Arturo Ripstein’s films talk about the art of survival. The necessity – or senselessness – of survival. The pain of survival. Profundo Carmesi (Deep Crimson, one of his most known films, awarded in Venice 1996) is a dark, pessimist, sharply ironic view on man and a woman who base their love on blackmail, on violence, even on murder. A not less dark image of life unfolds Así es la vida (Such is Life). It’s the story of Medea, transferred to nowadays Mexico. A woman has been left by her husband; all attempts fail to win him back. At the end she will take a terrible revenge, by killing her own children. Así es la vida is one of the first films where Arturo Ripstein used a small, mobile camera which allowed him to register the narrow social world of the heroine (the wonderful Arcelia Ramirez) in a precise way. Another great actress can be adored in La perdición de los hombres (The Ruination of Men), Patricia Reyes Spíndola. The title of the film refers to an old Mexican song about machos complaining their fate. Two women fight over the corpse of a ladykiller. As most of his films, La perdición de los hombres is also a film about filmmaking, using the language of cinema (the new digital technics) in a daring and even experimental and curious way. From this point of view, Arturo Ripstein’s films are more modern and audacious (see his use of the camera and his unexpectedly long shots) than a lot of nowadays movies.

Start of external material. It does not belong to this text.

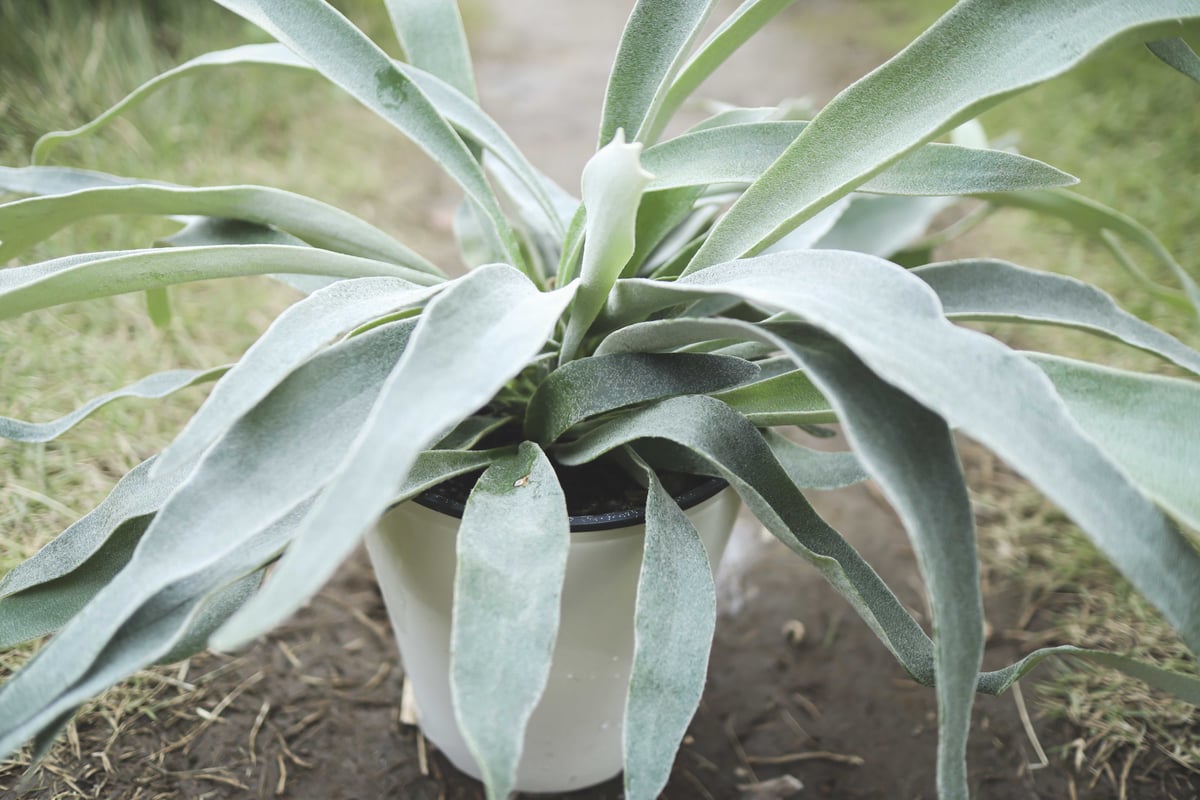 ビカクシダ ヴィーチー | mana's farm:塊根植物・アガベ・ドライ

What does Mexico mean for you? Ripstein: “That is a difficult question. A few places. A few people walking along a street at night. The volcanos. The pollution which is slowly the death of me. My house, my wife. My eyes. Mexico is a dead landscape. lt is Hell.”
Klaus Eder
(The quotations are extracts from a conversation Klaus Eder had 1989 with the director in Mexico City for a publication on Arturo Ripstein.)